表示調整
閉じる
挿絵表示切替ボタン
▼配色
▼行間
▼文字サイズ
▼メニューバー
×閉じる

ブックマークに追加しました

設定
設定を保存しました
エラーが発生しました
※文字以内
ブックマークを解除しました。

エラーが発生しました。

エラーの原因がわからない場合はヘルプセンターをご確認ください。

ブックマーク機能を使うにはログインしてください。

婚約解消シリーズ(仮)

正しい婚約解消の仕方。

作者: あかね


 公爵家令嬢と第二王子の婚約は彼らが10の時に結ばれた契約だった。

 既に没落の兆しを見せていた公爵家に王子が入ることにより、古くからの名家はその名を継いでいく予定だった。
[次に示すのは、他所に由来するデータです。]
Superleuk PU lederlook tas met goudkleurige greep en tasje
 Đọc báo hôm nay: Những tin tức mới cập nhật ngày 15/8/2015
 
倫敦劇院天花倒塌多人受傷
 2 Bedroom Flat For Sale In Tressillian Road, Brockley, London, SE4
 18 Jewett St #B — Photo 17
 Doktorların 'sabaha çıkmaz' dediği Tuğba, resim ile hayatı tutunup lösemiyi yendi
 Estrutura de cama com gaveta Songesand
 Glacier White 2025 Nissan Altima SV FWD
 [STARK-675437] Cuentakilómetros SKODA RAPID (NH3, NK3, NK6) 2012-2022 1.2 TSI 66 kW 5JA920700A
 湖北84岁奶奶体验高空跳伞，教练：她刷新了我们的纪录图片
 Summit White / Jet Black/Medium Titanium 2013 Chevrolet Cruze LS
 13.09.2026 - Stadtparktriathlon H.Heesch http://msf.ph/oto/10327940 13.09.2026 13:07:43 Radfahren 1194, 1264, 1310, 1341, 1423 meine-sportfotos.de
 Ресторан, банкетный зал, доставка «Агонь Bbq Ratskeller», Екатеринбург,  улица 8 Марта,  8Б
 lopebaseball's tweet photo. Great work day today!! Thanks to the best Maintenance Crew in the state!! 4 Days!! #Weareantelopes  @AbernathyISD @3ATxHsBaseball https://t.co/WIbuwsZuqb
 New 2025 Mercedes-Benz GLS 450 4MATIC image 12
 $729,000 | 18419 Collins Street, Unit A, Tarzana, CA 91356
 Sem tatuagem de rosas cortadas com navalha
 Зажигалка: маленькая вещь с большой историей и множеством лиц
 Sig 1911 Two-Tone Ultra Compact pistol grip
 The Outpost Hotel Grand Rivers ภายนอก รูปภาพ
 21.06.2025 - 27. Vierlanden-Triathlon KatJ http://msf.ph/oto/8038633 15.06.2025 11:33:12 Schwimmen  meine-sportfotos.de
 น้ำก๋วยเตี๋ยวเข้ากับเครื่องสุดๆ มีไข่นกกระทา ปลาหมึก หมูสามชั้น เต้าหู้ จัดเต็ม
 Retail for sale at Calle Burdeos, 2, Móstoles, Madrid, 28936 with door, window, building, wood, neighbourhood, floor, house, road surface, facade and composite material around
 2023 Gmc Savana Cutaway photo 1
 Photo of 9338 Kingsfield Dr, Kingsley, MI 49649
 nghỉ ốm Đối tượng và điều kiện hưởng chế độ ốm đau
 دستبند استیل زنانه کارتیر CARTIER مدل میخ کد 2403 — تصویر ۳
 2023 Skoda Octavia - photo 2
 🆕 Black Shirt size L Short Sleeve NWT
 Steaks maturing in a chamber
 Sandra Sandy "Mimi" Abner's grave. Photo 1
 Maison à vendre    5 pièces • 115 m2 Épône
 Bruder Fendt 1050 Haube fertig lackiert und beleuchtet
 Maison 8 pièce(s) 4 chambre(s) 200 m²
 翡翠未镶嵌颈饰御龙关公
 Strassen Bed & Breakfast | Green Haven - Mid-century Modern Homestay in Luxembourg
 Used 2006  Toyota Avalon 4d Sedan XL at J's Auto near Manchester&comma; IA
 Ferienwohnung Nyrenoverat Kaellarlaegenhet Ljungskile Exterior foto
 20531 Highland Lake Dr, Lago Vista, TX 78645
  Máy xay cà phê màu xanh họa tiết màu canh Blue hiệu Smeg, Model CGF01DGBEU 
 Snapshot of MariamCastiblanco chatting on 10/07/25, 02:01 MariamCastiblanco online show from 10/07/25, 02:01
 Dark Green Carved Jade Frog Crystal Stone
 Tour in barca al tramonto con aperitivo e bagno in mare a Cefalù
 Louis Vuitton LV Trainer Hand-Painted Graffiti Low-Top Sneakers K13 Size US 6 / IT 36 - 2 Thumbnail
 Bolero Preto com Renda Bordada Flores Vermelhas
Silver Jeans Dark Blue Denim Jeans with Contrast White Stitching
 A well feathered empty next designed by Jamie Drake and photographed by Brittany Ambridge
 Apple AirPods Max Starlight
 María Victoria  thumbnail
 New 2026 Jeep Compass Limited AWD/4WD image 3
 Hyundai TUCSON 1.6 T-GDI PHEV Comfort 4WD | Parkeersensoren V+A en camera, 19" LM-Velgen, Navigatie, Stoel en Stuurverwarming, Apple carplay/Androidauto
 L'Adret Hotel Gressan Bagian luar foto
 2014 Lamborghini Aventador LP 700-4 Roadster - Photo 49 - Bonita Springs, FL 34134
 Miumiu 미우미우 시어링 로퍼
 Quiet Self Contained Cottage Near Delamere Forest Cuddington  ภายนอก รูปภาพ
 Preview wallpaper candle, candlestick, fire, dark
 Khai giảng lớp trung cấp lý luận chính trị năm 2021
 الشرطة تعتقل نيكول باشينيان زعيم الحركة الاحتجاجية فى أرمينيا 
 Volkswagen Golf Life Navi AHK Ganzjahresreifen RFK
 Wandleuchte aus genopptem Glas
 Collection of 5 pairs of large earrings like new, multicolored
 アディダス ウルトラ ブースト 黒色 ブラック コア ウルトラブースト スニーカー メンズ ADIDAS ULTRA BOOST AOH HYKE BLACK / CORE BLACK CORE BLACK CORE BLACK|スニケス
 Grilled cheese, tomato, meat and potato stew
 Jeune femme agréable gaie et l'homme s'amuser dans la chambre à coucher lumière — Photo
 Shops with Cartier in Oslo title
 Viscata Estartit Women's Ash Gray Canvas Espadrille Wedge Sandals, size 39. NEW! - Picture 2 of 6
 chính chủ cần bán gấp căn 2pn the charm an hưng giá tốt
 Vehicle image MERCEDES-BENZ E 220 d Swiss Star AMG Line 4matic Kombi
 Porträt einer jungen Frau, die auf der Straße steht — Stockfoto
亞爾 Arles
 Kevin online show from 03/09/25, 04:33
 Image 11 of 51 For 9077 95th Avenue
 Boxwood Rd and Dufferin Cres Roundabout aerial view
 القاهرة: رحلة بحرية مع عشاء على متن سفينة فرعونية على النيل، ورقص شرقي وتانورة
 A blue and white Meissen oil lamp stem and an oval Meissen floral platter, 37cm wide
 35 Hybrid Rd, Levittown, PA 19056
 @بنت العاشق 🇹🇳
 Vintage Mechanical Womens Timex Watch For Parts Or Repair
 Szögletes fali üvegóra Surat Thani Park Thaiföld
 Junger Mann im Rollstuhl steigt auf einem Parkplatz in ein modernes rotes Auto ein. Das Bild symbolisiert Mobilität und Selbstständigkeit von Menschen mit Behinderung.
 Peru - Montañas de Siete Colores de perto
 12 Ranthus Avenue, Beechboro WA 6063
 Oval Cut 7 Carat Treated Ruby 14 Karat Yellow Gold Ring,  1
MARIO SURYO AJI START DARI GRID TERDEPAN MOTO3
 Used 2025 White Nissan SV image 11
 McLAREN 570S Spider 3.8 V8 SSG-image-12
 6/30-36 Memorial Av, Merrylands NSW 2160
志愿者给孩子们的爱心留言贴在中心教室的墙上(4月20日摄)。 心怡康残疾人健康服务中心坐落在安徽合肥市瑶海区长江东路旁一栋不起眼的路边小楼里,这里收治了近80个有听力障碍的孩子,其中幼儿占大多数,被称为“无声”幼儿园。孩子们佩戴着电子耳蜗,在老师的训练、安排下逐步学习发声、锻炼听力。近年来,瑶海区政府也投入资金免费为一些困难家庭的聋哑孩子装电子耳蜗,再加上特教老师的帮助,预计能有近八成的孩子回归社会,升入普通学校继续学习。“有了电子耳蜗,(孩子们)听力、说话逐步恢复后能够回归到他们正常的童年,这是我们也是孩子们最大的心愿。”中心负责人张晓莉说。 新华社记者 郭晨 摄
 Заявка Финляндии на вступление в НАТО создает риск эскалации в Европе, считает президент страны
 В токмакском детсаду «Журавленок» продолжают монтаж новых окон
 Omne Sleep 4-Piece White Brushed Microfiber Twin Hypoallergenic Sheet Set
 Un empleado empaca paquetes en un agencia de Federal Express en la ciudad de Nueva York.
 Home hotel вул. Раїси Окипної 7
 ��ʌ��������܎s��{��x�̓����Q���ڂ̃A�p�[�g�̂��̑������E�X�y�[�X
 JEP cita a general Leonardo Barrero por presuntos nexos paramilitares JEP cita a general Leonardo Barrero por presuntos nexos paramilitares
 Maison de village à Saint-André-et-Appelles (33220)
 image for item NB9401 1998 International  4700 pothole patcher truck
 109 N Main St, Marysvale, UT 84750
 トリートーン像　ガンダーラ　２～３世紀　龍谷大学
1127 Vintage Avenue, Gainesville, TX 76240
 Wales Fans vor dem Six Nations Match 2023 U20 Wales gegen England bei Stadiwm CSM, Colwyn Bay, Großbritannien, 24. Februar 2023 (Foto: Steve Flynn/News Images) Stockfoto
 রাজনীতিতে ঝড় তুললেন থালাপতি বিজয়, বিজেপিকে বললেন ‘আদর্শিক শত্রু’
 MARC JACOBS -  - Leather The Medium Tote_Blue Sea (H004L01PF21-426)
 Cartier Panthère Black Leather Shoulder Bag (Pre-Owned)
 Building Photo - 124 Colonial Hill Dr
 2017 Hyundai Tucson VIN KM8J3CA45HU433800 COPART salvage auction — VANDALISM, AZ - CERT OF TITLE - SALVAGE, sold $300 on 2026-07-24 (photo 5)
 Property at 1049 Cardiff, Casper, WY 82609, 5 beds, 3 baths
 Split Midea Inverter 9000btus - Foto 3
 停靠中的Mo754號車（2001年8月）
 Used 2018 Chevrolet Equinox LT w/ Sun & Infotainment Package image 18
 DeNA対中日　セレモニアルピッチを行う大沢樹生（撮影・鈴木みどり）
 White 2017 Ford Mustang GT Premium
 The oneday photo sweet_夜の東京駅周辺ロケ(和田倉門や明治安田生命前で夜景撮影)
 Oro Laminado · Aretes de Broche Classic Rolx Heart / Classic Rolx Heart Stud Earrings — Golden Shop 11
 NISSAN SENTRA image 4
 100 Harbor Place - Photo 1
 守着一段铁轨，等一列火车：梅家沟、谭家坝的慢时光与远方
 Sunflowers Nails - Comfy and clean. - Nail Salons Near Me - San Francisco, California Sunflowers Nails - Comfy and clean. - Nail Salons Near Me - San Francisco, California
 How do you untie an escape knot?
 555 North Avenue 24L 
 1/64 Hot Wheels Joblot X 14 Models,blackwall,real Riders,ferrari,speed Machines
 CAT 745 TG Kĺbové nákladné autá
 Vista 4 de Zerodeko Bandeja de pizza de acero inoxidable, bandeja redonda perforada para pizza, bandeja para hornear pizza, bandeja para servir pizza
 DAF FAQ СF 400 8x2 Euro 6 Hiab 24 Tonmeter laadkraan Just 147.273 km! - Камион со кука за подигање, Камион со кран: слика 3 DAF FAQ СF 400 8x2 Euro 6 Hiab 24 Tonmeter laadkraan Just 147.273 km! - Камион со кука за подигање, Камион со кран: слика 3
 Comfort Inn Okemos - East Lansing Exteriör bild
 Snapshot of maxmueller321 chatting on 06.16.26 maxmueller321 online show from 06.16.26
 資金援助、新しい技術の提供、人的支援。それらと引き替えの婚姻であり、当主は王子となる予定だった。


 王子が学院で恋に落ちるまでは。


□ ■ □ ■ □ ■ 


「ねえ、殿下。節度ある対応をしていただきたいの。苦言を呈されるほどに近寄られるのは困るのよ」


 薄く赤に色づいた髪。困ったような上目遣いは可愛らしい。少女と女性の境目の危うい色気がこぼれるが、本人はそんなつもりもないことを知っている。


 レリオはそれを見ながら、首をかしげた。


 この少女を恋人にする。

 政略結婚をする。


 彼の立場では両立は可能だ。仲の良い夫婦であることは理想だが、現実的に政略上の利害関係であり、現在も疎遠である婚約者との仲を深める事も難しい。

 ならば気持ちの上の癒しがあっても良いと思っていた。


 しかし、彼女は違うらしい。


 今までの愛人候補の女性はどちらかと言えば、婚姻など望んではいない。贅沢と地位と装飾品のように彼を連れて行きたいという気持ちが見えた。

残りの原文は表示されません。